Under game condition.
Under game conditions where the stakes are high, and like Joel says, “The moment is brief.” Game time. That was another big pivot and at the same time, it has only deepened my practice. I have to say that it has allowed me to really put the principles to the test. There is one thing for something to make sense on the meditation cushion. There’s a whole another thing for something to make sense when you are speaking with hundreds of people in a fast paced modern enterprise. When you are sitting in a high stakes conversation with the people you love the most and the emotions run high, there’s a lot of vulnerability and sensibilities at stake. That’s a beautiful thing. If it’s something authentic, it can take the heat.
I would love to know what’s a ritual or practice that you have.
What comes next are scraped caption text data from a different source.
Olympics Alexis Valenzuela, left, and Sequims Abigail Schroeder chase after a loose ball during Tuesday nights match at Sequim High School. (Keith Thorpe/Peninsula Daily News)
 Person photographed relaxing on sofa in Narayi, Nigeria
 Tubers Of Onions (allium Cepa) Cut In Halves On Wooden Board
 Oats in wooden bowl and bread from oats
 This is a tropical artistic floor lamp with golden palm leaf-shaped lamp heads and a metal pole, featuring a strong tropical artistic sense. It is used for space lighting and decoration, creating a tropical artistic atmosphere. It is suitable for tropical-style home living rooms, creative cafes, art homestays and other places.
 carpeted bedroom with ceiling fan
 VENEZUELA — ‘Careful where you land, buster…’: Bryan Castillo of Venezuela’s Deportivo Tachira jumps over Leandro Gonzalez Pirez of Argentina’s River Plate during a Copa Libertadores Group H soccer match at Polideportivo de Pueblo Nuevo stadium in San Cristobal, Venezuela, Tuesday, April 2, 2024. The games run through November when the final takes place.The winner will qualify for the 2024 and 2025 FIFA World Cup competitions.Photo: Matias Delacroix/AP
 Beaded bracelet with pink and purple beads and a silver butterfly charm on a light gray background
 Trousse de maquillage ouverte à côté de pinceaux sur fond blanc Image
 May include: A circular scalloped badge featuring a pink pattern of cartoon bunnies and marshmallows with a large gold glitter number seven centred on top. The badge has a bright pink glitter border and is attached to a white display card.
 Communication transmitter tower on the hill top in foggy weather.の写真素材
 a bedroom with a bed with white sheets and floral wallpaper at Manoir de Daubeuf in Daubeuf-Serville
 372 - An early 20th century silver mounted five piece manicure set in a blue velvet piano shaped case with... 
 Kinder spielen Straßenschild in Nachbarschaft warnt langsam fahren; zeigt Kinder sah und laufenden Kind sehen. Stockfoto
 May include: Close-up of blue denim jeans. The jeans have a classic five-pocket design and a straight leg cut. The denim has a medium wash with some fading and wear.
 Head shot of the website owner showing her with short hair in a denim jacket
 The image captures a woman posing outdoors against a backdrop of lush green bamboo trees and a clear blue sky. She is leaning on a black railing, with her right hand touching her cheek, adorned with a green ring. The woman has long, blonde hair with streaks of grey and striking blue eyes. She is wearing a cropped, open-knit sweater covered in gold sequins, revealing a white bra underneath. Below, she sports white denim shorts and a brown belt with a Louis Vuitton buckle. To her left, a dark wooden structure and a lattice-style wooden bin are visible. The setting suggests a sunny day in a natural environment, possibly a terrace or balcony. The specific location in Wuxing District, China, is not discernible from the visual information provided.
This is the conscious pivot, not habit but the practices that you’ve cultivated that we maybe even call rituals. Is there something you do daily that keeps you on the path in a way that you feel is where you making progress each day?
I speak out loud what I want to create and what I want to see in the world. I don’t just think about it. I speak it out loud. I can tell how comfortable I am with an idea or a project or a change in my life by the resistance I have to speaking it out loud. That is a ritual that I have that helps me know whether I have any incongruence with something that I say, wish to do, or wish to create. Also, it helps me open up and connect to the resources that I need in order to bring forth an idea or an intention in a tangible way.
That is an incredibly tangible piece of advice. That is an incredible practice I feel. This idea that is a litmus test to speak something out loud that you wish to see happen. Your intentions aren’t just in the mind and what a beautiful interplay of the heart and the head and an inner and outer, because you’re a mindfulness expert and facilitator. What you just expressed was not a meditation practice or mindfulness practice. This was speaking into existence that which you wish to manifest to practice.
Going on the record, there’s a difference between John F. Kennedy thinking about putting a man on the moon and publicly announcing that he was going to put a man on the boat. Whether or not you are the first person that say it out loud when others are present, saying something out loud is a different level of reality than just thinking about.
It’s a fine distinction, not trying to put form before substance. It’s essential the difference between affirmations and declarations. What you’re talking about is declaring when John F. Kennedy declared out loud to the on looking world that we would put a man on the moon. That was a declaration. That wasn’t affirming something that he believed or that was something he wanted to believe. This was a declarative statement of fact ahead of time.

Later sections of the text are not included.